** Opening EXERCISE DATA block **

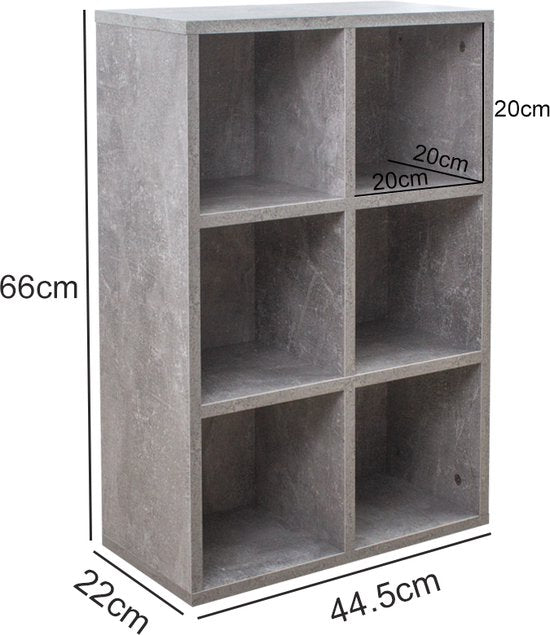 VDD Armoire à compartiments - Armoire de rangement - Bibliothèque - Armoire murale - 6 compartiments ouverts - Gris - 97.5x 97.5x33 cm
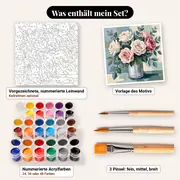 Malen nach Zahlen Rosenstrauß in einer Glasvase – Set-Inhalt: vorgezeichnete Leinwand, Farben, Pinsel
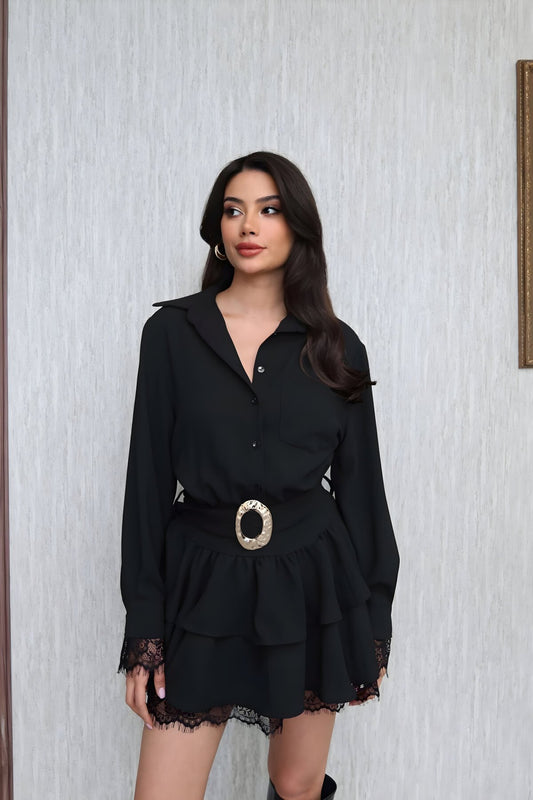 Mini Lace Shirt-Collar Detail Dress - Black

** Closing EXERCISE DATA block **

Reproduce the listing exactly, but keep its images out of the copy.

### YOUR SOLUTION
 VDD Armoire à compartiments - Armoire de rangement - Bibliothèque - Armoire murale - 6 compartiments ouverts - Gris - 97.5x 97.5x33 cm
 Malen nach Zahlen Rosenstrauß in einer Glasvase – Set-Inhalt: vorgezeichnete Leinwand, Farben, Pinsel
 Mini Lace Shirt-Collar Detail Dress - Black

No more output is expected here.